The term "ridesharing" or ridehailing, can be used to refer to a variety of activities related to sharing space in a vehicle but most commonly these terms reference services such as Uber and Lyft, digital platforms that arbitrate vehicle spaces as a form of ride service. These and similar platforms connect willing drivers with prospective passengers, matching demanded passenger destinations with ride availability and taking a share of each fare in payment. While at one point controversial, ridesharing platforms quickly have become all but ubiquitous in most major cities of the world due to their efficiency and ease of use.
Ridesharing Platforms and the Government of Canada
Governments have tended to be more slow to accept ridesharing services, with many municipal governments having initially prohibited ridesharing platforms due to their non-compliance with rules put into place to govern traditional taxi companies. With the gradual recognition of their distinctive enterprise, ridesharing platforms have over time gained widespread acceptance by government and have become an acceptable form of transportation for employees of the government of Canada for many years (since 2016?).
In 2018, the Canada School of Public Service (CSPS) launched a pilot ridesharing option for its employees, specifically with Uber. This allows CSPS employees to use the Uber ride-hailing app not only to hail vehicles but also as a payment method, directly charging travel to the department. CSPS employees are able to use Uber to hail a ride and the details of the trip and bill are sent directly to CSPS financial services, who would then tally and analyze the patterns from the previous month, and pay Uber directly for the sum total of all departmental usage in the form of an invoice. From the perspective of a user, they are able to toggle their payment method from "Personal" to "Departmental" depending on the purpose of the trip, and require not additional work to expense this form of travel.
As part of the pilot approach, CSPS imposed restrictions on the permitted usage of Uber in order to minimize risk. This included the limitation of the app's usage to working hours (7h00-18h00), the limitation of the fare to under $50, and the staggered roll-out of the app functionality throughout the department. For fares falling outside of these perimeters, it was still possible to use rideshare services but the employee would need to pay for them and expense the cost in the same manner as for regular travel.
Gradually more departments followed in CSPS's lead by authorizing departmental ridesharing and also steadily lowered the restrictions associated with the apps functionality as it became clear that the risks of abuse are marginal, or at least, significantly less than with existing systems. At the time of writing in early 2020, half a dozen departments and agencies have some measure of departmental ridesharing with Transport Canada being the largest user, having several hundred users being permitted the full functionality of the app.

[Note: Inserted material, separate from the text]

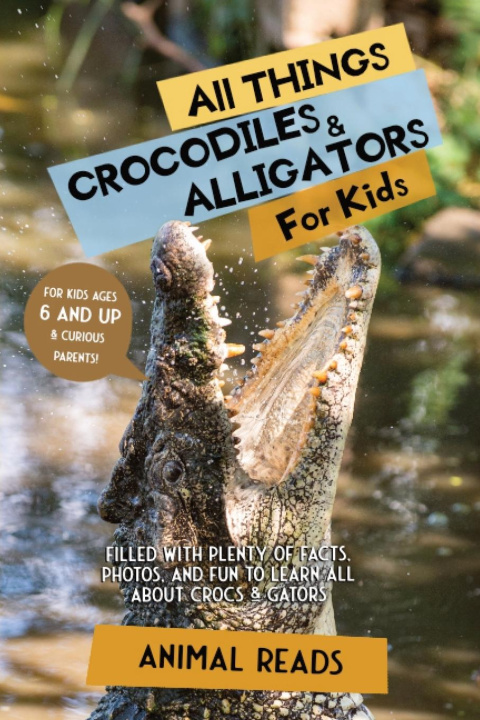 Könyv All Things Crocodiles & Alligators For Kids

Advantages of Ridesharing for the GC
Ridesharing platforms offer benefits to users and the institutional GC alike. Ridesharing platforms offer greater convenience to users, more accessibility features for people with disabilities, the ability to schedule rides in advance and better plan out travel, share to location with teammates, reduce wait times for vehicles and to provide greater clarity in directions to drivers. Users are also able to leverage promotions from frequent usage across personal and departmental payment methods offering a perk somewhat akin to travel points, and similarly garner a higher quality of driver if they themselves maintain a high rating, with members of the Transport Canada pilot roll-out anecdotally noting a higher level of professionalism among drivers.

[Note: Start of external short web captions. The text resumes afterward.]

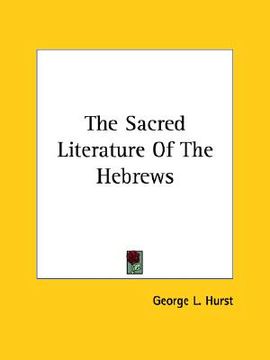 portada the sacred literature of the hebrews (en Inglés)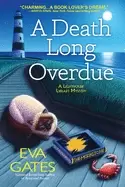 Image of death long overdue a lighthouse library mystery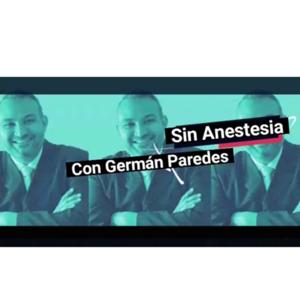 Sin Anestesia con German Paredes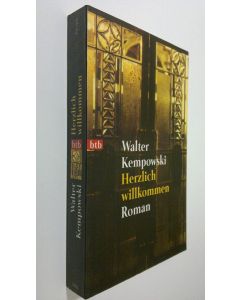 Kirjailijan Walter Kempowski käytetty kirja Herzlich willkommen : Roman (UUDENVEROINEN)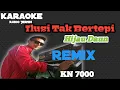 Download Lagu Ilusi Tak Bertepi Hijau daun Karaoke Remix KN 7000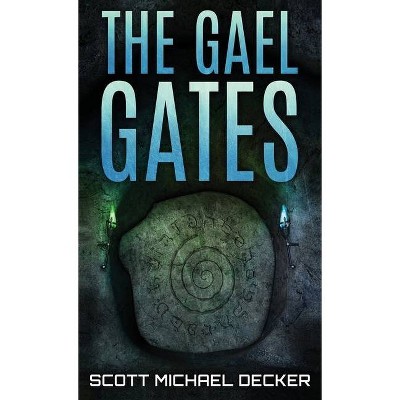 The Gael Gates - (Galactic Adventures) by  Scott Michael Decker (Hardcover)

From an institutional standpoint, departmental ridehailing platforms are significantly less onerous on departmental finance departments, eliminating tasks that are time-intensive, costly and tedious while freeing up time for more complex or urgent job functions. Departmental ridehailing platforms offer much greater accountability, showing the exact route, time and cost per ride, and offering the availability to rapidly identify variations that might indicate misuse. Preliminary research from CSPS and Transport Canada suggested an overall cost-saving of roughly 40% compared to the medallion (taxi chit) system which is the default used in the government of Canada, which tends to cost more per ride while charging an administration fee on top of each fare.
Departmental ridesharing also offers greater opportunities for ongoing digital transformation and can permit new downstream functionalities once deployed. This is because departmental ridesharing takes a process whose information byproduct comes in the form of boxes of isolated and non-integrated paper slips about past trips and replaces it with a fully digital system which can offer insights about usage patterns and offer alternatives for future practices. For instance, this information can be used to inform future transit services, the availability of alternative modes of transportation (like bikes or scooters), opportunities for systematically reducing the GC's carbon footprint and costs, or even inform real-property considerations over time. Digital transformation and departmental ridehailing are in essence complimentary endeavours.
There are several competing ridesharing services, of which Uber is the largest, however Uber's early adoption as a platform for ridesharing in the GC is for reasons of capacity. In Ottawa, Uber has traditional been the sole service platform with a fully developed and tested corporate service offering. Lyft has hoped to launch an equivalent service by 2020 and local taxi companies are developing their own ridehailing apps as well which are ultimately hoped to have a corporate service option as well. Thus while it can be expected that there will be a multiplicity of platforms available to public servants in the future, Uber had initially started as the default platform for so many departments due to a lack of viable alternatives.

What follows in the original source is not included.